Pour réponse, mes frères crièrent de joie. Comme s'ils ne passaient pas déjà leur soirée à jouer tous les deux dans leur chambre jusqu'à point d'heure. Mais je les comprenais. J'avais aimé, moi aussi, lorsque j'avais leur âge, regarder la télévision avec mes parents avant d'aller me coucher. S'il arrivait qu'ils ne fassent pas attention à l'heure, je me figeais dans l'espoir qu'il m'oubli et que je reste plus longtemps en leur compagnie. Je supposais que nous passions tous par cette phase-là, en grandissant.
Ma mère se leva de sa chaise en prenant son assiette et ses couverts, et je fis de même tandis qu'elle murmurait une chanson que je ne reconnaissais pas. J'aperçus ensuite du coin de l'œil sur son téléphone, posé sur la table de la cuisine, qu'elle recevait un appel.
– Ton téléphone sonne, l'informais-je. Décroche, je vais laver nos assiettes.
Elle déposa son assiette dans le lavabo en me remerciant, puis récupéra son portable. Je me mis ainsi à faire la vaisselle alors qu'elle lisait le nom du contact l'appelant.
– C'est papa ? demanda Tadashi.
– Non... C'est le boulot.
– À cette heure-ci ? demandais-je en essuyant la première assiette. Les garçons...
Je m'apprêtais à dire aux garçons de m'apporter leurs assiettes pour que je puisse les laver, et alors que mon regard les cherchait, il tomba sur le visage pâle de ma mère qui portait le téléphone à son oreille.
– Allô...? Oui... je suis bien chez moi.
Elle me lança un regard inquiet, si bien que j'en lâchais nos couverts pour me rapprocher d'elle.
Que se passe-t-il ?
– Ça va ? demandais-je doucement.
Au lieu de me répondre ou même de hocher la tête, elle se précipita dans le salon où elle trouva un morceau de papier et un stylo. En revenant vers moi, elle se mit à écrire à une vitesse ahurissante.

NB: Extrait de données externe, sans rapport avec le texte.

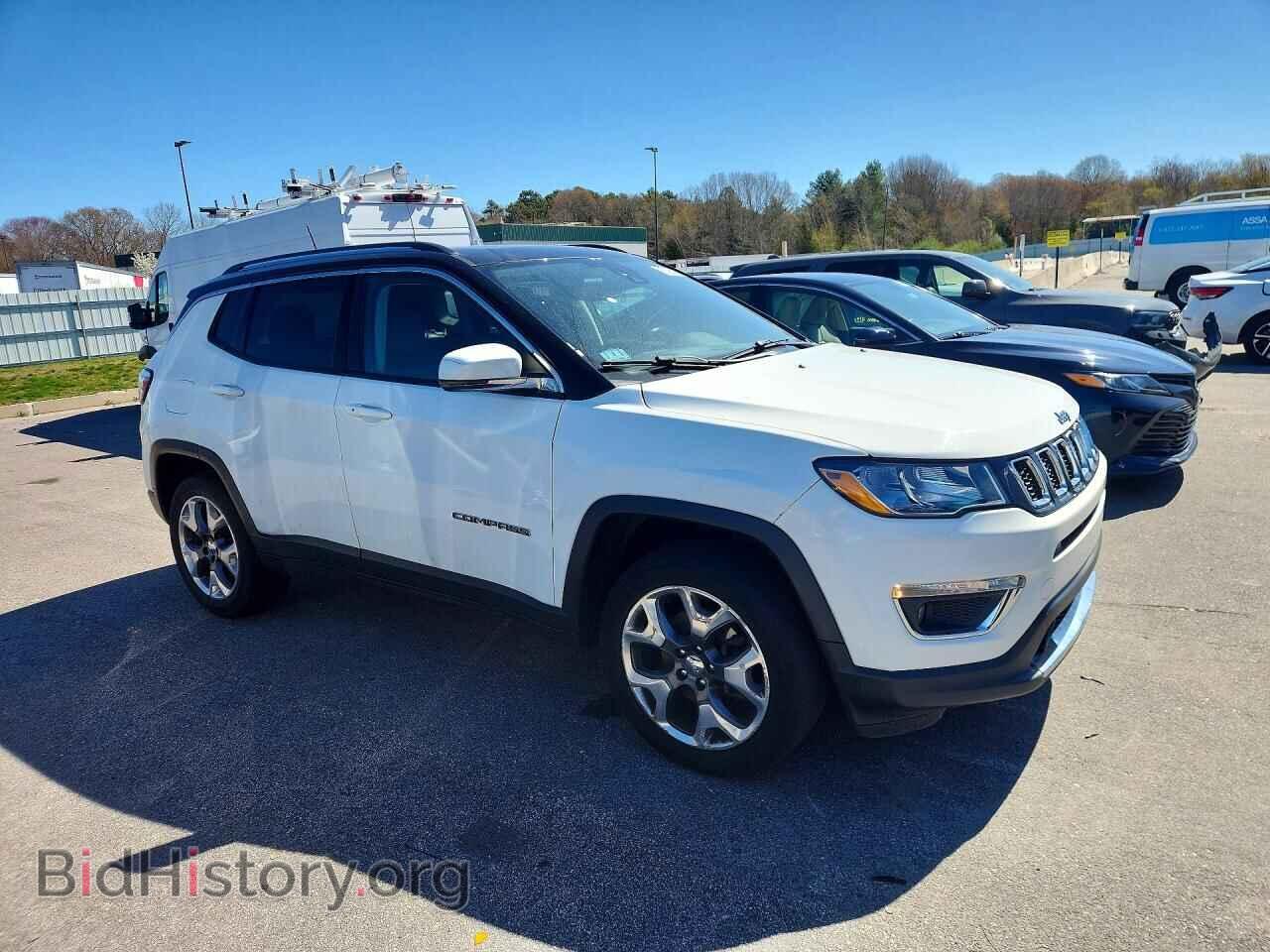 2021 JEEP COMPASS - VIN: 3C4NJDCB3MT542046 - Фото 4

Elle me tendit le papier, le visage criblé par la peur.
"Monte à l'étage avec les garçons. Enfermez-vous dans la salle de bain."
– O-Oui... Je m'habille et je vous ouvre.
Effrayée par l'expression qu'affichait ma mère, je ne réfléchis pas une seconde avant de suivre ses directives.
Koshi et Tadashi nous regardaient, et mes yeux me disaient qu'ils comprenaient que quelque chose n'allait pas. Je leur fis alors signe de ne plus parler, en positionnant mon index devant mes lèvres, avant de les inviter à me suivre.
En bas des escaliers, j'ordonnais silencieusement à mes frères de passer devant moi, et je lançais un dernier regard à ma mère qui me fit comprendre, par un mouvement de tête, que je devais monter à mon tour.
En haut, je vis que les jumeaux m'attendaient dans le couloir, ne sachant pas quoi faire.
– Dans la salle de bain, chuchotais-je.
Sur le passage, je fermais les portes de nos chambres, que nous avions laissées grandes ouvertes en les quittant pour aller manger.
Une fois tous les trois entrés dans la salle de bain, je nous enfermais à l'intérieur en tournant le verrou vers la gauche.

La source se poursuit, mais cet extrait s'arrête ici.